Birkaç hafta önce Bloomberg, Türkiye'yi G-20 ülkeleri arasında "şiddetli siyasi çalkantıların yaşanma olasılığı en yüksek ülke" olarak gösterdi. Bu olasılık, ABD'de yüzde 3, Rusya'da yüzde 4 iken, Türkiye'de yüzde 6 olarak belirtildi. Analizin yayınlanmasının ardından, yine daha öncekilerde olduğu gibi, toplumsal fay hatlarını harekete geçirmeyi amaçlayan iç cephede gedik açmaya dönük bir çok girişim devreye sokuldu.
TİP milletvekili mecliste provokasyon yaptı. CHP'de genel başkan yardımcılığı yapmış bir milletvekili Cumhurbaşkanına ağır hakaret etti. Bir sokak röportajında Erdoğan ve onu destekleyenlere hakaret edildi. CHP hakaret edeni sahiplendi, cesaretlendirdi, ödüllendirdi. Atatürk üzerinden yeni bir laik-muhafazakar ayrıştırması yapılmaya çalışıldı.
Bu hadiseler gösterdi ki, Bloomberg analizi sıradan bir yazı değildi. Daha önce benzerleri yapılmıştı. Sadece son 22 yılda buna benzer bir çok beklenti ve temenni dile getirildi. Toplumsal fay hatlarını harekete geçirmeye dönük yol haritaları ortaya kondu. Kılavuz görevi görecek yorumlar yapıldı. İşaret fişekleri ateşlendi. Bu analizler, operatif yönü ağır basan, zamanlaması düşünülmüş, siyasi sonuçlarına dair hedefleri olan yazılardı.
Yakın dönemde Türkiye'de iç karışıklık çıkarmaya dönük her girişim, farklı bir yol ve yöntem denenerek yapıldı. Her başarısızlığın ardından yöntem ve içerikler güncellendi. Gezi Parkı şiddet eylemi ile farklı kimlik grupları arasında çatışma çıkarma hedeflendi. AK Parti'nin "İslamcı bir ajandaya" sahip olduğu tezi üzerinden Türkiye diplomatik olarak izole edilmeye çalışıldı. 17-25 Aralık yargı ve emniyet darbe girişimi üzerinden devletin tüm kurumları çökertilmeye çalışıldı. Ekonomik saldırılarla, devlet ve hükümet diz çökertilmeye çalışıldı.
Hendek ve barikat terörü ile ülkenin bölünmesi için tüm yollar denendi.
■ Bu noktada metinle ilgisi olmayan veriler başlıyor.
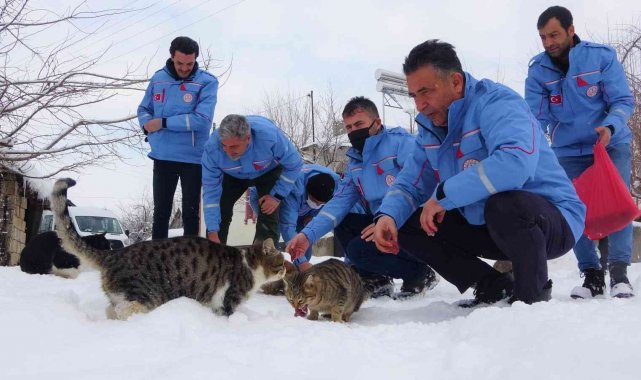 Öğretmenler, kış günlerinde yürekleri ısıttı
Büyük şehirlerinde bomba patlatılarak toplumsal kargaşanın ve iç çatışmanın provaları yapıldı. 15 Temmuz'da ülkenin lideri öldürülmeye ve ülke işgal edilmeye çalışıldı. "İslamcı ajanda" tezi gereken sonucu üretmeyince, "otoriterlik" ve "diktatörlük" yaftalamaları üzerinden Türkiye tekrar uluslararası düzenden izole edilemeye çalışıldı.
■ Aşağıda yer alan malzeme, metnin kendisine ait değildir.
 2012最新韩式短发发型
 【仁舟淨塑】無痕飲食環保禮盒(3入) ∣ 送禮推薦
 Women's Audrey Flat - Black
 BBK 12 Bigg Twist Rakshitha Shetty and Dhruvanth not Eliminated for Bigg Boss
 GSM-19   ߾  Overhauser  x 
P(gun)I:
Son günlerde dönen nefret ve ayrıştırma içerikli olayların amacını bir önceki yazıda belirtmiştim. Muhafazakar kesimlerin özgüvenini kırmak, onlara sahipsizlik hissi vererek iktidardan kopmalarını kolaylaştırmak öncelikli hedeflerden... Ancak esas amaç, ekonomi düzelmeden ve AK Parti yenilenme siyasetini tamamlamadan erken seçimi zorlamaktır.
Belirsizlik, kaygı, endişe, öfke ve umutsuzluk duygularını yükseltmeye dönük yeni girişimlerle karşı karşıyayız. Son 22 yılda, ülkeyi kaosa sürüklemeye dönük meydan okumalar, siyasi istikrar sayesinde etkisiz hale getirildi. Bu sınamalarda toplumun büyük bir kısmı, karizmatik liderliğin yani Erdoğan'ın etrafında toplandı.
Erdoğan'ın son konuşmasında dile getirdiği gibi, devlet ve millet bunların hepsinin üstesinden gelmiştir. Çözüm bulunmuştur. Ancak maalesef hepsinin farklı maliyetleri olmuştur. Sosyal, siyasal ve ekonomik etkilerini tekrar toparlamak zaman almıştır. Bir kez daha vurgulamak gerekirse, her yeni kaos ve karışıklık denemesi, siyaset ve yönetimde istikrar sayesinde etkisiz hale getirilebilmiştir. Değerini bilmek gerekir.